Di tim bulutangkis Indonesia, pemain yang mendapat tekanan paling besar adalah pasangan Tontowi Ahmad/Liliyana Natsir. Bagaimana mungkin di saat mereka tampil baik di Olimpiade, penampilan mereka selama satu tahun terakhir cenderung drop.

Pada dua turnamen super series (premier) yang digelar di Indonesia dan Australia misalnya, status unggulan malah membuat mereka terbebani dan terdepak di fase awal turnamen. Hal ini membuat publik cemas, bisakah mereka mendapat medali di Rio nanti?
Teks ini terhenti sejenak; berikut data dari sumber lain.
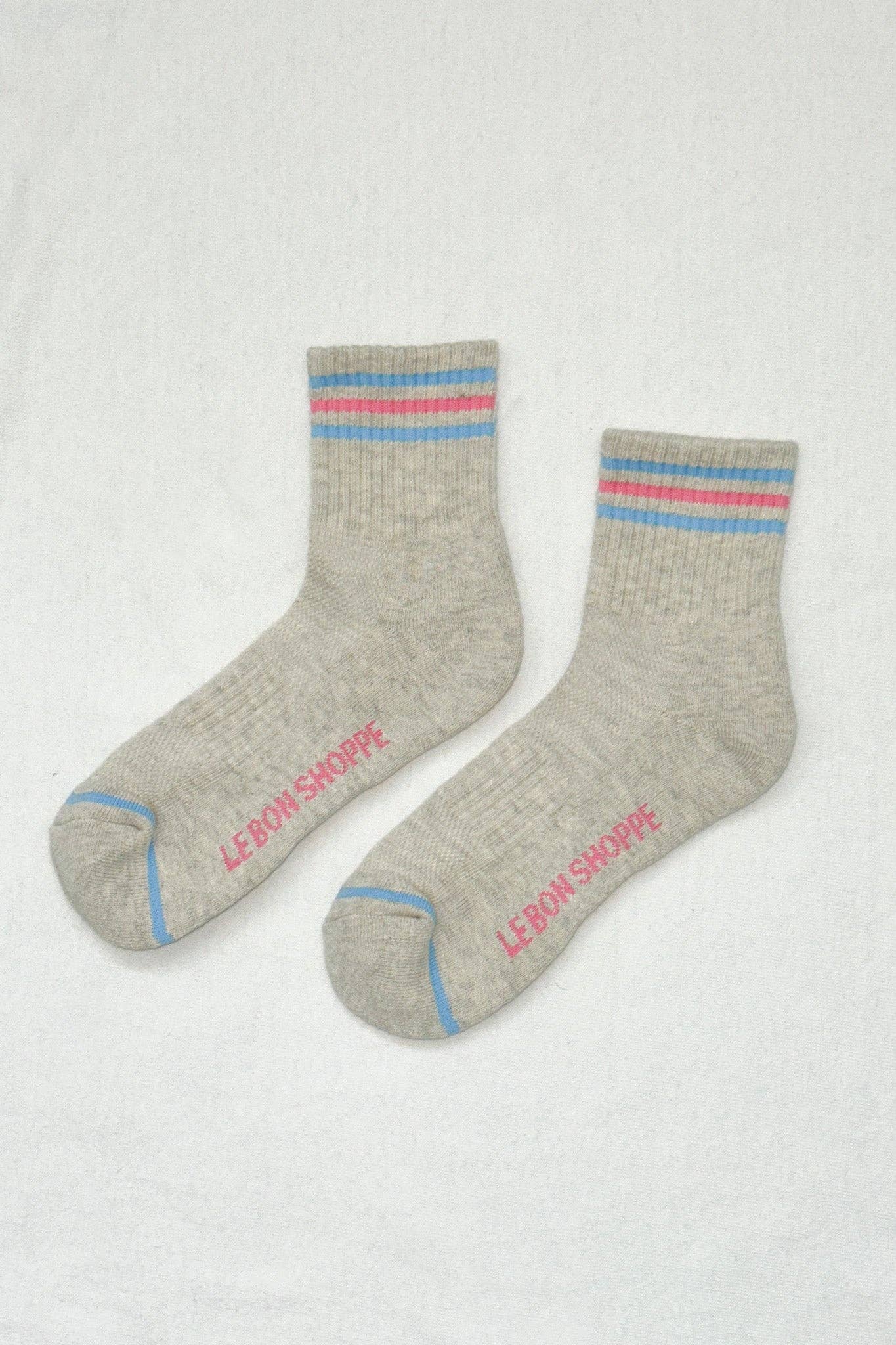 Girlfriend Socks - Grey, Blue, Pink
Situs badmintontalk.com menganalisa sekali eror pasangan ini selalu malah kendor. Masalahnya keburukan ini terjadi hampir di setiap pertandingan, tak peduli dia unggulan atau non-unggulan sekalipun. Banyak yang menganalisa buruknya penampilan pasangan ini disebabkan performa Tontowi

“Antisipasi Tontowi dinilai kurang variatif dan mudah ditebak lawan. Unforced error pun selalu ditunjukkan. Hal ini membuat miskomunikasi antara Tontowi dan Liliyana.”

“Sebagai playmaker ulung, sejatinya Liliyana selalu berupaya mengolah bola sedemikian rapinya dengan tujuan Tontowi bisa mengeksekusinya secara sempurna. Sebagai pemain senior dengan segudang pengalaman dan prestasi, Liliyana sejatinya selalu berusaha untuk mengatur strategi agar Tontowi bisa mematikan lawan dengan mudah.”

“Namun, kenyataan tidak lah sesuai harapan. Smash keras Tontowi sering membentur net atau keluar lapangan. Sekali Tontowi membuat kesalahan, maka akan cukup sulit baginya mengembalikan fokus dan akurasi pukulannya.“

“Sekali eror, Tontowi akan cenderung mengulangi erornya, lagi dan lagi. Sekali unggul dalam perolehan poin, Tontowi kerap terburu-buru, kehilangan fokus, konsentrasi buyar, dan akhirnya tidak bisa mempertahankan keunggulan.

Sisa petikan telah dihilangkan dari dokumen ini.